About this exercise. Which lines in the data below contain the word "Image"? Return each of them.

Exercise input.
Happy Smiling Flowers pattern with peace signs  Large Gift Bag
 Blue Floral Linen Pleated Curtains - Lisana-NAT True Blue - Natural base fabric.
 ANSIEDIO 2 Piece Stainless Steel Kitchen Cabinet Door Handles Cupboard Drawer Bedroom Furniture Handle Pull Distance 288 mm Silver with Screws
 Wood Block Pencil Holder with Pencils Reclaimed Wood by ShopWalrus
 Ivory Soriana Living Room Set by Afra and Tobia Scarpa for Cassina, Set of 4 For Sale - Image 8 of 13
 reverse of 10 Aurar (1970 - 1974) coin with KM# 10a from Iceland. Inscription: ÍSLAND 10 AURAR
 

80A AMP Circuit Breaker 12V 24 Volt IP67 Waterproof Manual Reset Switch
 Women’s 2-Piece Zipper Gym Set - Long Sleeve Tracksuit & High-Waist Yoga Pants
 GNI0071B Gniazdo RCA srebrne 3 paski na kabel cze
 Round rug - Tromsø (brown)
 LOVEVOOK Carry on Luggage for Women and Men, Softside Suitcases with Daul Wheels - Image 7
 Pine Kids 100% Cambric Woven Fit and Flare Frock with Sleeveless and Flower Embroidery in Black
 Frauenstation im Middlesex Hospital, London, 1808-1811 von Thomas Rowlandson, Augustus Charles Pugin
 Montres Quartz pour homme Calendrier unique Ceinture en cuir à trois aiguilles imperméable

Expected answer.
 Ivory Soriana Living Room Set by Afra and Tobia Scarpa for Cassina, Set of 4 For Sale - Image 8 of 13
 LOVEVOOK Carry on Luggage for Women and Men, Softside Suitcases with Daul Wheels - Image 7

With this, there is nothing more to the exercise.